In a second example, if interest rates increase dramatically to say over 6%, and your portfolio is yielding say only 4%, there is no room for concern as long as the business fundamentals of your holdings are still sound on aggregate. You should not be worried, because your portfolio will generate a growing stream of income to compensate you for the faster increase in inflation. Therefore, if your portfolio is worth $500,000 and generates $20,000 in annual dividend income to cover all of your expenses, rising interest rates should not mean anything to you.
It is true that you can sell your dividend stocks, and earn $30,000 in annual interest income. However, this stream of income will be certain to lose purchasing power in the inflationary world that produces yields of 6%. In addition, if rates increase further to say 8%, your bonds yielding 6% would surely lose value and you would still only earn 6% on your cost. However, if you didn’t do anything in the first place other than hold on to your sound businesses, your dividend portfolio would have likely delivered the growing stream of income that would have ensured purchasing power even as interest rates kept increasing.

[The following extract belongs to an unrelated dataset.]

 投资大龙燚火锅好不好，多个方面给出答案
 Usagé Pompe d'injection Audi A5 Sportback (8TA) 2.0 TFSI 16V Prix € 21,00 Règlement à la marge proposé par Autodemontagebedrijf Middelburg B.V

A third way to mitigate certain risks is through diversification. Diversification gets a lot of bad rep, but it could protect your assets in the case things take an unexpected turn of events. Let’s face it, no one can predict the future. Therefore, even if you know everything there is about a company, you can still lose money on this investment if an unexpected turn of events occurs.
If you hold less than 10 – 15 individual dividend paying stocks in your portfolio, you are likely asking for trouble. This is because just a bad apple or two could seriously derail your dividend earning potential for a few years, thus potentially causing you to dip into principal. You should also try not to concentrate your portfolio in companies that are in similar industries.
If you owned ten oil and gas companies, and five pipeline MLPs, you are not diversified adequately. Many investors have been betting heavily on major energy companies in 2013, but they might be ignoring the fact that they have no pricing power. If commodity prices drop, those earnings could cause dividend freezes across the board. In addition, having a slight 20-25% allocation of US Government bonds could help you avoid losing sleep in case deflation happens. Unfortunately, since 2010 it has been difficult to get decent returns with Treasuries and Agencies in terms of yields.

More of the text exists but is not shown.